First ICT-DM held in Asia hosted by Tohoku University

The 5th International Conference on Information and Communication Technologies for Disaster Management (ICT-DM) was held in Sendai last December 4 - 7, the first time the event was ever held in Asia.

Tohoku University, with its strong disaster science programmes and first-hand knowledge of the role ICT played in the relief efforts following the 2011 Great East Japan Earthquake, was well placed to host it.

"The ICT-DM is always a great opportunity for researchers and practitioners from different fields to meet, share ideas and discuss the latest trends," said Professor Hideaki Sone, of Tohoku University's Cyberscience Center, who was one of the event's organisers. "Many Asian cities have experienced severe natural disasters recently - typhoons, floods, earthquakes, tsunami - so I think it's significant that the conference came to Asia this time, to allow more researchers from this region to attend."

Giving the opening keynote address was Professor Guoliang Xue from Arizona State University. He spoke of the role that social media has played in the sharing of information in the immediate aftermath of disasters and the need to maintain a working communication network in tough environments.

"Social media is the application, but underneath all that, we need to have an underlying wireless network that works so that messages can be sent. Disasters tend to be when a network is at its most vulnerable, so we are studying ways to increase its toughness against failures, and if there is a failure, ways to reconnect the working pieces of the network with limited relay nodes."

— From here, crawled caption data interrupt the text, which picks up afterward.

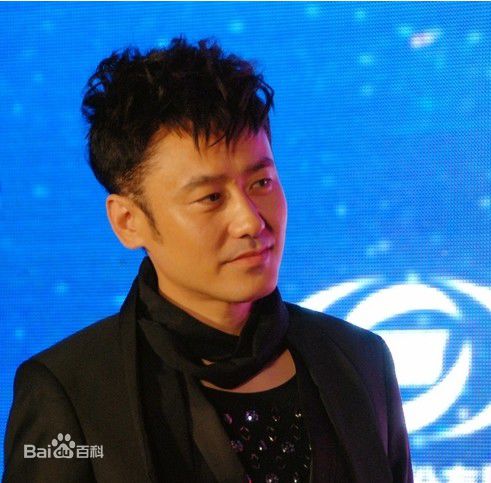 吴秀波活动宣传照生活照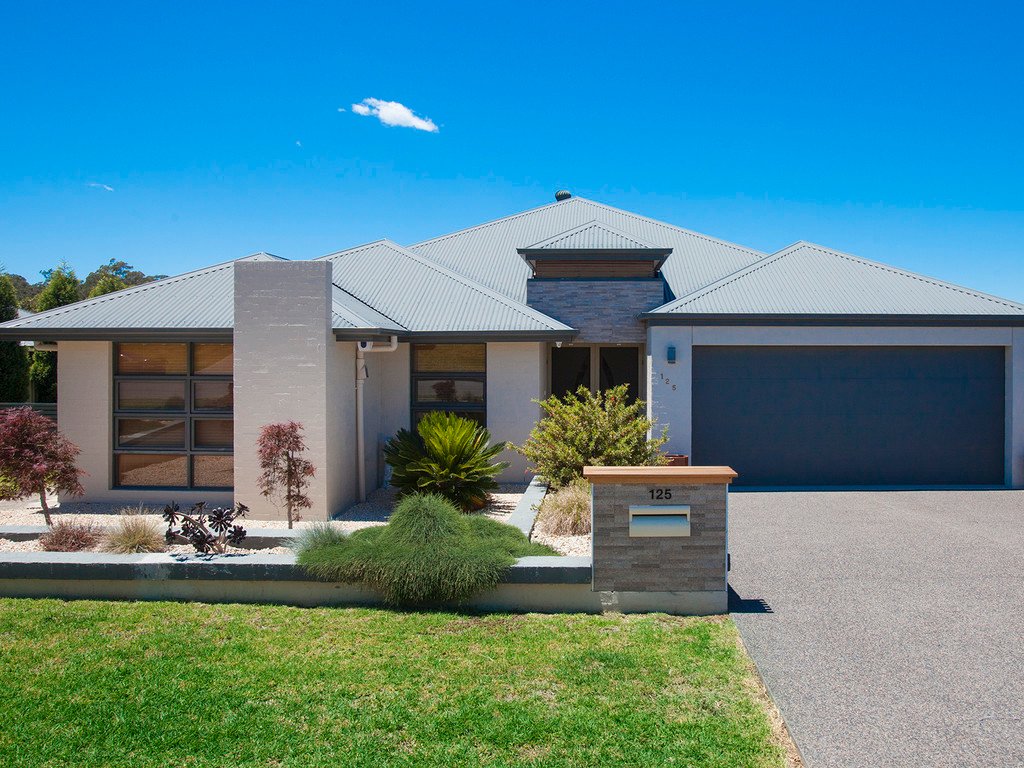 125 Avery Street RUTHERFORD 22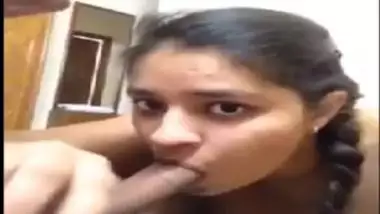 Maharashtra Women Sex - Indian video Maharashtra Geetha Bhabhi Blowjob Sex Video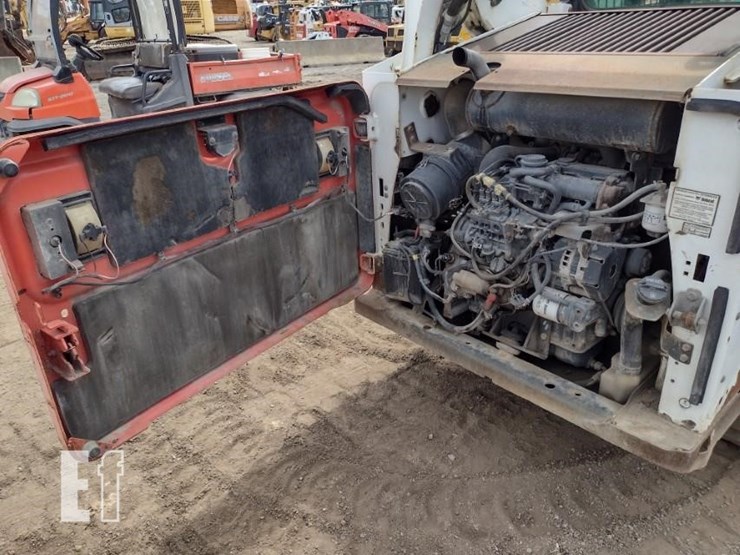 2014-bobcat-t590-image-36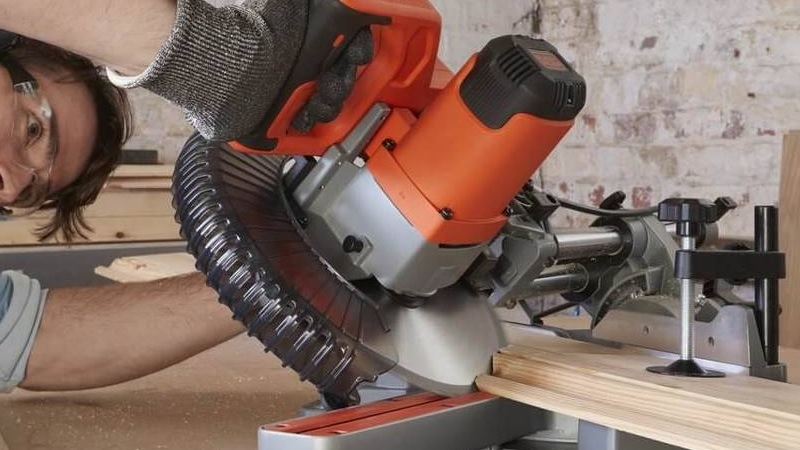 Corded mitre saw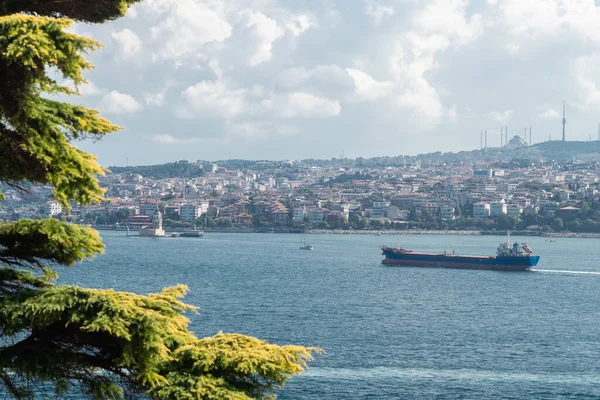 Вид на побережье Стамбула, столицы Турции, — стоковое фото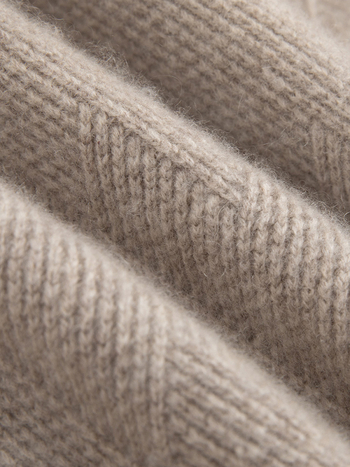 Пуловер от кашмир – 95% кашмир съдържание, плътно плетиво, кръгла яка, дълги ръкави, свободна кройка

The need for proactive solutions was also a major theme of the conference. Speaking about lessons learnt from the 2011 Great East Japan Earthquake, Professor Hiroaki Kobayashi, from Tohoku University's Graduate School of Information Sciences, said that effective tsunami forecasting systems are urgently needed worldwide.

"To that end, we have developed a real-time tsunami inundation forecast system that can complete a tsunami inundation and damage estimation for coastal cities, at the level of a 10-meter grid size in less than ten minutes."

Kobayashi also introduced the various activities of the Cyberscience Center, such as the operation of the supercomputer systems, which is one of the cyber infrastructures for Japan's academic sciences and engineering communities.

Aside from the lectures and workshops, there were two poster sessions presented by researchers and disaster volunteers. "What I saw by the young researchers was really, really impressive," said conference co-organiser Professor Soufiene Djahel of Manchester Metropolitan University.

He added that the lively Q&A sessions that followed each lecture also produced many insightful ideas. "At each session, the questions move the research forward and pave the way for collaboration. We ask questions based on our background and our expertise, our understanding of things. And our questions can raise suggestions to improve the work, to extend it or widen the application to other scenarios."

The conference ended with field trips to coastal towns in Miyagi that were badly affected by the 2011 earthquake and tsunami. While there has been great progress in the recovery efforts, the impact of the disaster can still be seen and felt in places like Ishinomaki and Yamamoto.

"Some of the participants who went on the field trip were shocked by what they saw and very moved by the stories they heard from the local residents," said Sone, who added that the participants spent a long time looking at the exhibits and digesting the information on the maps and photos chronicling the events of March 2011.

"I think being there helped them truly understand the magnitude of the devastation and the urgent need for global disaster management solutions."